Work to be completed =
Taking the line with "Minimalist line art" as the first and the line with "Wee Ones Girls" as the last, set down the lines below exactly, pictures excluded.

Top of Data supplied

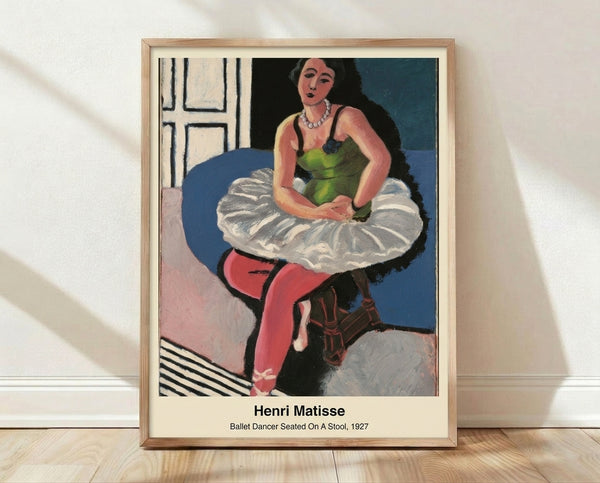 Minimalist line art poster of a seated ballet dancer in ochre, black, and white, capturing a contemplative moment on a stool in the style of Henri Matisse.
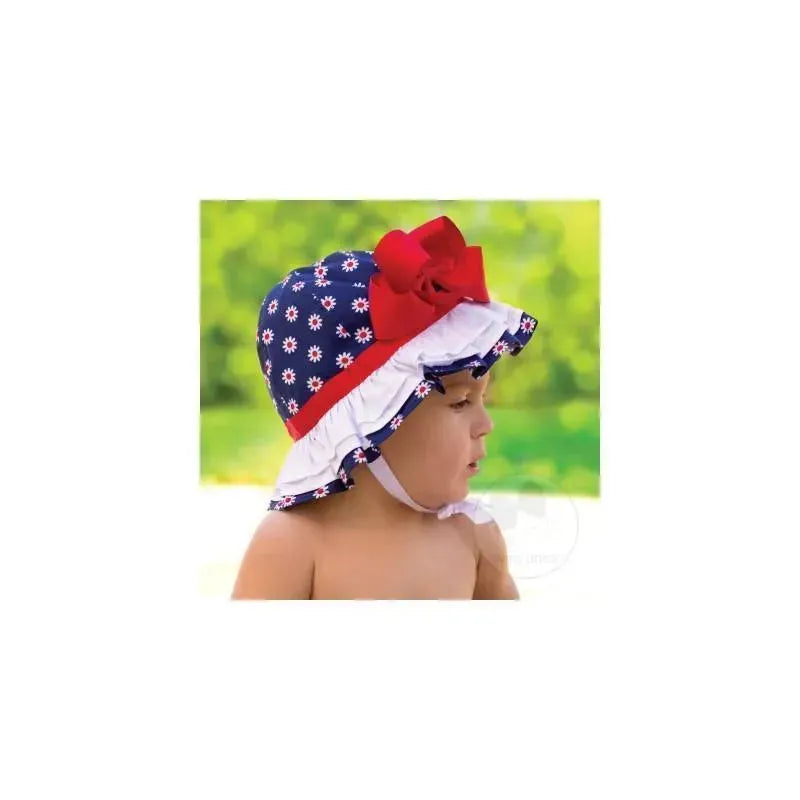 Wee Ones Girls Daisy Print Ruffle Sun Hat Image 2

Bottom of Data supplied
Top of Data supplied

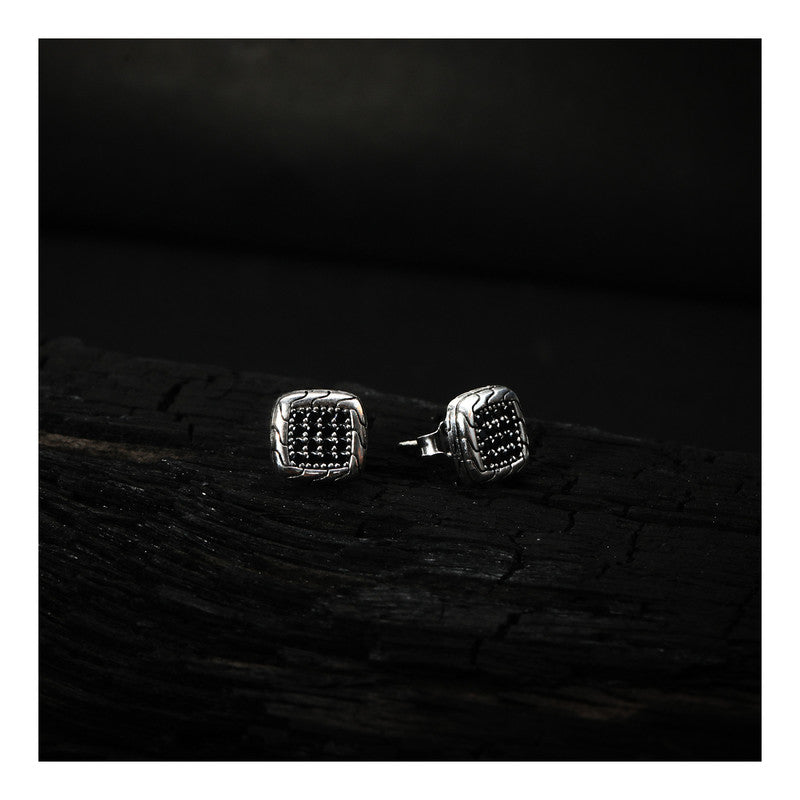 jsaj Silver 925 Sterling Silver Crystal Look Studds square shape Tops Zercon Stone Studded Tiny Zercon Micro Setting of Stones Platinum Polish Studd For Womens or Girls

Bottom of Data supplied

Answer box =
 Minimalist line art poster of a seated ballet dancer in ochre, black, and white, capturing a contemplative moment on a stool in the style of Henri Matisse.
 Wee Ones Girls Daisy Print Ruffle Sun Hat Image 2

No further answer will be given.